Numerical multidimensional integration over function of six variables

[WraithM]

So, I'm writing a program in matlab. I have a function of six variables, say f(x1,x2,x3,x4,x5,x6). I want to integrate over x4, x5, and x6 numerically. f is defined over a 10 sided 6-cube of points. I also want to integrate over the whole cube.

So I want,

$$F(x_1, x_2, x_3) = \int\int\int f(x_1, x_2, x_3, x_4, x_5, x_6) dx_4 dx_5 dx_6$$

Does anybody have a hint to get me started down some path? I'm really stuck. It's sort of an insane problem.
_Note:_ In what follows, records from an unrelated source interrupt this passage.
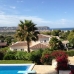 Javea property: Villa in Alicante 229610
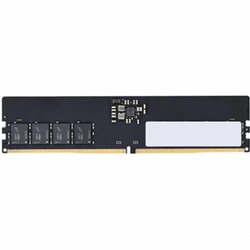 ОЗУ Foxline FL5600D5U46-32G DIMM, DDR5, 32 Гб, 5600 МГц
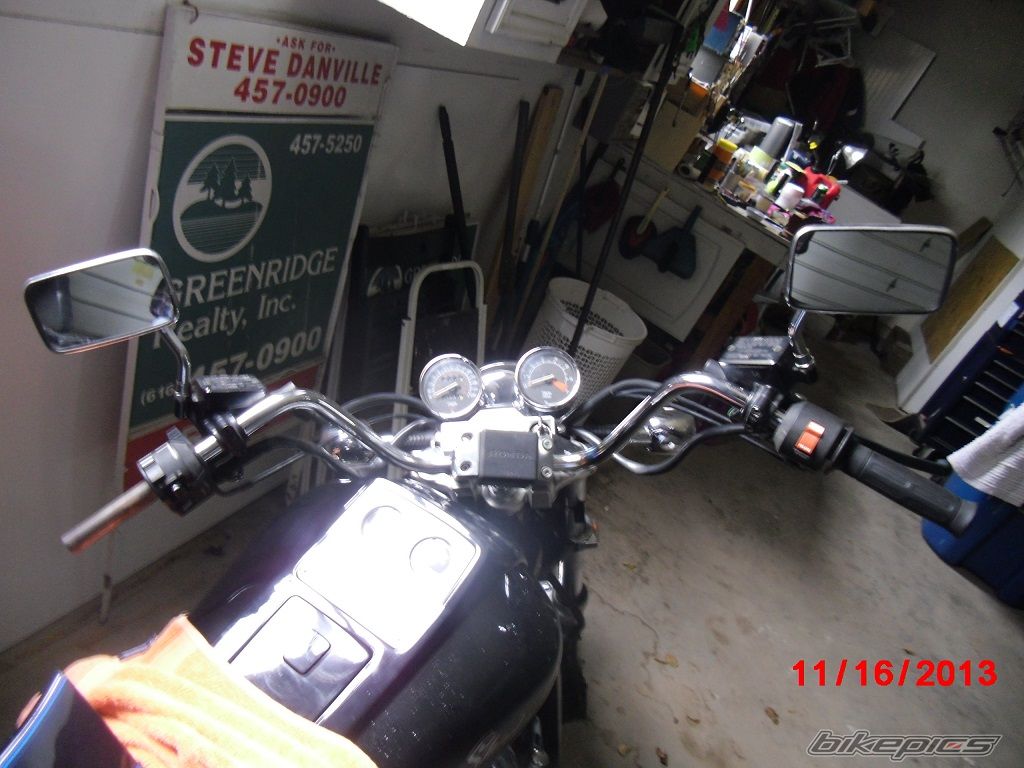 Photo 2616394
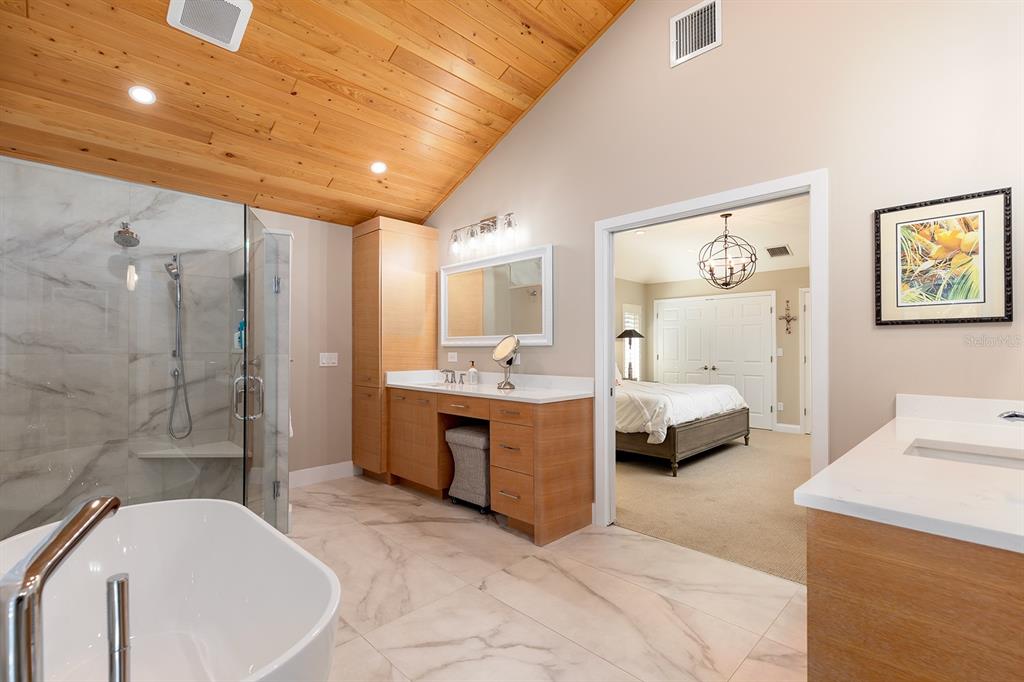 195 West Spring Lake Drive Altamonte Springs, FL 32714 - Photo 22 of 49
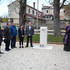 Kanfanar: Odana počast žrtvama Vukovara i Škabrnje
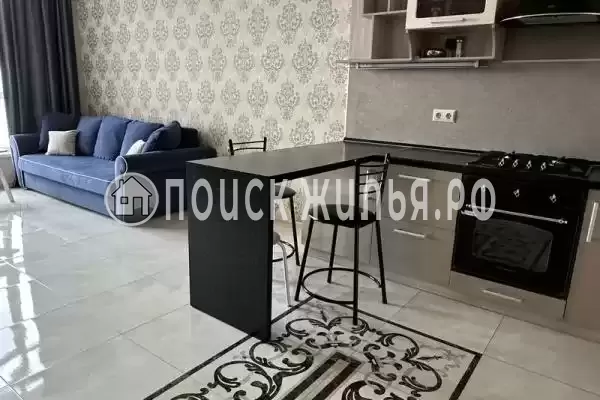 Частный сектор «Евродвушка с видом на море»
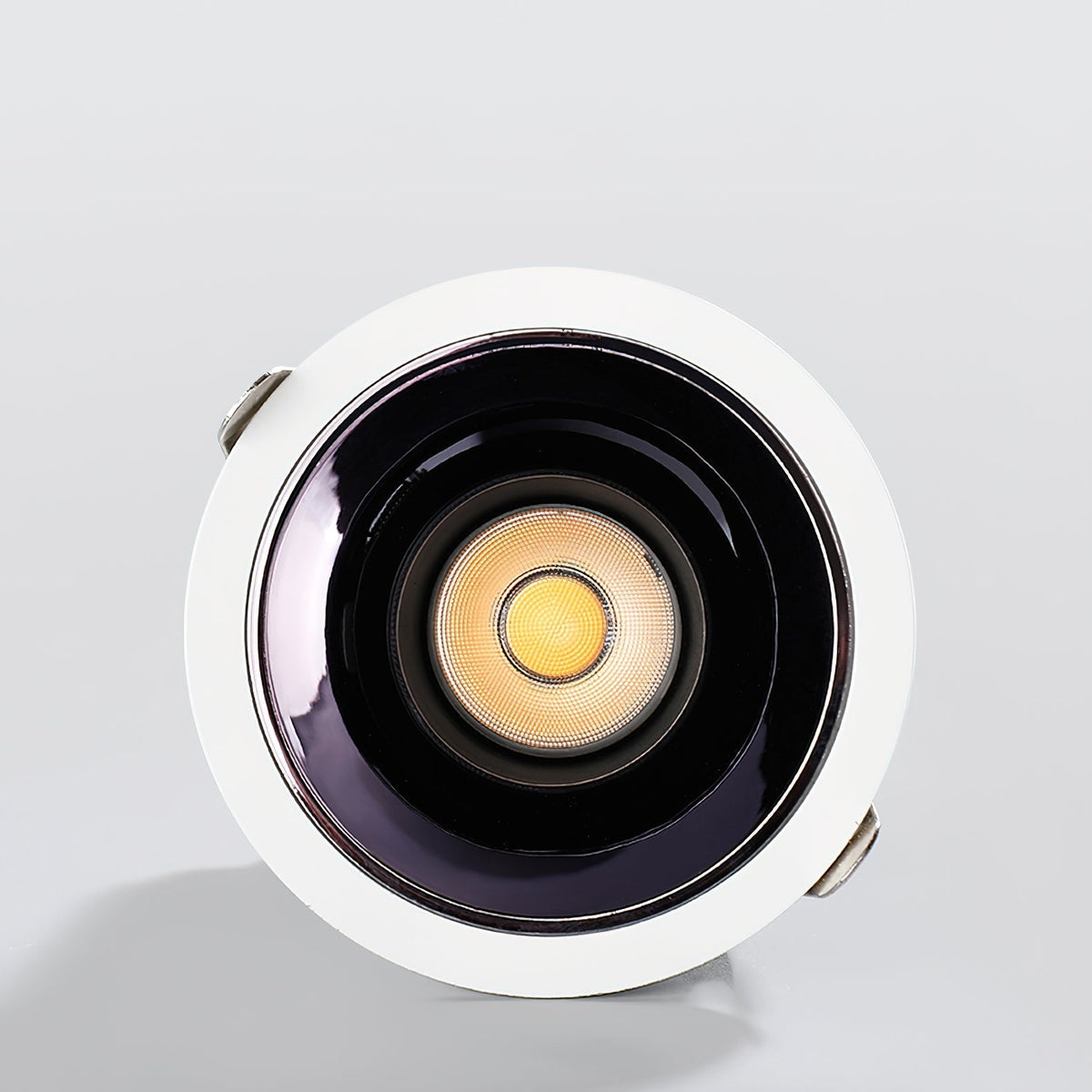 Vesoris lampada da soffitto recessa LED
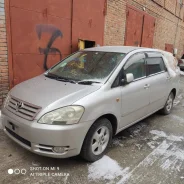 ��������� 2AZ-FE 67� ��!. Toyota Ipsum ACM21 ��� ������� � ������ 1900028D00 ����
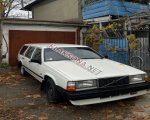 продам Volvo 740 в пмр  фото 1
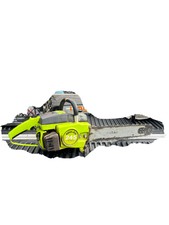 chainsaw parts poulan for sale chainsaw parts poulan for sale Langhorne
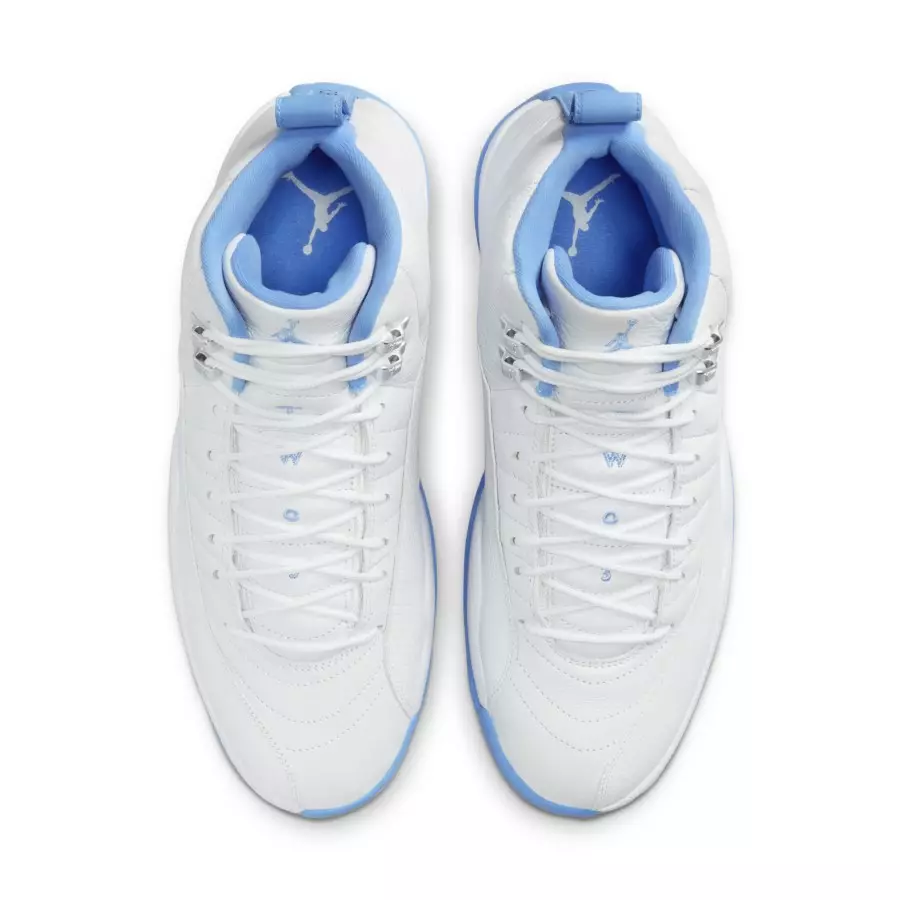 Air-Jordan-12-Melo-CT8013-112-3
The internet seems to point me toward monte carlo integration. These methods handle multidimensional integrals well apparently. Can monte carlo methods handle my problem of not integrating over all 6 dimensions? I don't know why I think monte carlo wouldn't, but if so, does anybody have an idea of how to do this? I'm not an expert in numerical integration at all. I'm also not opposed to turning this project into a C program or Mathematica or something. Anything that will solve the problem would be much appreciated!

 

[phyzguy]

In what form do you have f? Is it an analytic function that could be integrated analytically? Or is it a numeric table? In either case, why can't you just discretize the function, multiply by the volume element dx4 dx5 dx6 and add up the contribution from all of the little cubes? You would basically be evaluating the sum:
$$\sum_{x4_{min}}^{x4^{max}}\sum_{x5_{min}}^{x5^{max}}\sum_{x6_{min}}^{x6^{max}}f(x1,x2,x3,x4,x5,x6)\Delta x4 \Delta x5 \Delta x6$$

 

[mathman]

For 3 or more dimensions, Monte Carlo is faster than straightforward method (suggested by phyzguy).

 

[WraithM]

Thank you for the replies!

I have it stored in a 6D array. I've considered the way that phyzguy suggested. It seems that method would take a very long time. I've got a grid of a 10^6 points on it, but this method would be extremely easy to implement. It'd be like 5 - 6 lines of code in Matlab, tops. It would not scale well with size at all... If I make the size of the 6-cube larger by even 1, the time the problem would take goes up tremendously. It goes up as O(N^d). Where N is the size of one side of the cube, and d is the dimension. If I can't figure out monte carlo integration, I will definitely do this, but I want to avoid this method if at all possible.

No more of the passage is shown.